Mamata Banerjee on Thursday said violence had erupted only at three places ahead of the July 8 panchayat polls over "local issues" and rejected the Opposition's charge that the Trinamul Congress was to blame for the clashes that marred the process of nomination filing.
“I have been feeling bad. Not because of anything else, but out of 73,000-74,000 booths, only at three places, three problematic incidents took place, that too on their own local issues,” the chief minister said in her first public statement on the rural polls.
“Our party is in no way involved. Our party has been operating under the stern instruction that everybody should be able to freely file nominations. That is why you must have seen, already over a lakh (Opposition) nominations have been submitted, which had never happened in any other state before this,” added the Trinamul chairperson at Maheshtala, on a day Bengal witnessed perhaps the most violence during the nomination-filing phase.

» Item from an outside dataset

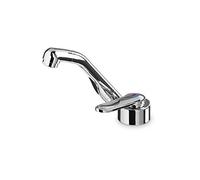 Dometic SMEV AC539 Robinet - Mitigeur Compact pour Camping-Car, Fourgon & Caravane - Robinet encastrable de Haute qualité pour évier de Cuisine Mobile, orientable et Gain de Place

Hours after the chief minister's statement, Calcutta High Court lambasted her government and the state election commission while ordering the deployment of central forces to cover all areas which would go to the polls.
“In 2003, during the CPM era, I think 36 people died on the polling day. In 2008, a similar number. In 2013 (in the Trinamul era), under the then state election commissioner Mira Pande who had brought central forces, 39 people had died,” said Mamata.
She also brought up the incidents of violence in Chopra and Bhangar.
“The problem in Chopra, in no way, is to do with the party (Trinamul) involved. Those who did it did not get tickets from us, despite asking for the same from us till yesterday (Wednesday). But because there are adverse reports on them, because the party is not satisfied with them,” said the chief minister. “The Chopra incident was their internal matter…. I have ordered police to take strong action.”
“What happened in Bhangar, the new victor there in the Opposition, they started it on Tuesday…. Muslims are my brothers, but he has been misleading them, provoking them with communal slogans, and conducting vandalism, burglary, and arson. Therefore, there was retaliation yesterday (Wednesday) from our end — I will say what the truth is,” she said, apparently referring to the ISF’s Bhangar MLA Nawsad Siddique, who had tried in vain to meet Mamata at the state secretariat on Wednesday and demanded her (the state home minister’s) resignation on Thursday.
“What happened (in Bhangar) today (Thursday), I don’t know as I have been on the road. I have told the administration to handle it strongly.”
In a message to the Left, the chief minister suggested that they ought to be thankful as there were no retributive measures from her after she had ousted them from power in 2011.
Mamata said: “Some disgusting political parties, taking their names brings hatred and shame…. Nobody else used to be able to file nominations for elections, they used to get cent per cent vote share.”
“Today, they are making lofty claims. Declaring resistance. First, resist yourselves, check your vocabulary. Let good sense prevail, abandon sinister speech. A clap cannot happen single-handedly,” she added.
Mamata also spoke about the situation in BJP-ruled states like Uttar Pradesh and Tripura, where the Opposition was allegedly prevented from contesting in “over 90 per cent” of the seats in local body elections.
Mamata attacked the inertia and reluctance to pursue a Pocso complaint by a minor against BJP MP Brij Bhushan Sharan Singh, the WFI chief accused of sexual assault by a vast body of protesting wrestlers.
She mentioned the 155 central teams sent to examine various complaints against her government and the administration.
She rued how “(her) boys” were arrested for post-poll results violence in the state in 2021, while the administration was still under the Election Commission of India.
“Beating people up, slashing them, shooting to death in courts… a rule of monsters,” said the Trinamul chief.